___ INPUT DATA ___













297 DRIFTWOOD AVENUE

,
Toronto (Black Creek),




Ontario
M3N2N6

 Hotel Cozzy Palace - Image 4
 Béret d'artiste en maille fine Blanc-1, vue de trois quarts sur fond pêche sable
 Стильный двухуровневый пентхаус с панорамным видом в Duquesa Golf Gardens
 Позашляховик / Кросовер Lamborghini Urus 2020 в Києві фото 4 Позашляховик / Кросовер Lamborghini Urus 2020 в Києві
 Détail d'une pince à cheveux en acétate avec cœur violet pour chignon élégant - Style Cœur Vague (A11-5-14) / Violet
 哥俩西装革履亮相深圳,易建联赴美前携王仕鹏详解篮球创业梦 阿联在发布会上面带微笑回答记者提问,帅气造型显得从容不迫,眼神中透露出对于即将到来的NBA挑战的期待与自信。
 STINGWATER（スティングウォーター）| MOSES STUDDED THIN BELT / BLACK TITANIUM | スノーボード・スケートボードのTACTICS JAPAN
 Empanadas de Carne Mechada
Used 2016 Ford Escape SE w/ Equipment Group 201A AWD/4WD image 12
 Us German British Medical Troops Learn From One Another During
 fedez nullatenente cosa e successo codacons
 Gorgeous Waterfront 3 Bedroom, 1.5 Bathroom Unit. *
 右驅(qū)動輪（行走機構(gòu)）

___

TASK TO COMPLETE =>
The reply must hold exactly the lines from the one containing "哥俩西装革履亮相深圳,易建联" to the last line of the entries, and nothing more.

WRITTEN RESPONSE =>
 哥俩西装革履亮相深圳,易建联赴美前携王仕鹏详解篮球创业梦 阿联在发布会上面带微笑回答记者提问,帅气造型显得从容不迫,眼神中透露出对于即将到来的NBA挑战的期待与自信。
 STINGWATER（スティングウォーター）| MOSES STUDDED THIN BELT / BLACK TITANIUM | スノーボード・スケートボードのTACTICS JAPAN
 Empanadas de Carne Mechada
Used 2016 Ford Escape SE w/ Equipment Group 201A AWD/4WD image 12
 Us German British Medical Troops Learn From One Another During
 fedez nullatenente cosa e successo codacons
 Gorgeous Waterfront 3 Bedroom, 1.5 Bathroom Unit. *
 右驅(qū)動輪（行走機構(gòu)）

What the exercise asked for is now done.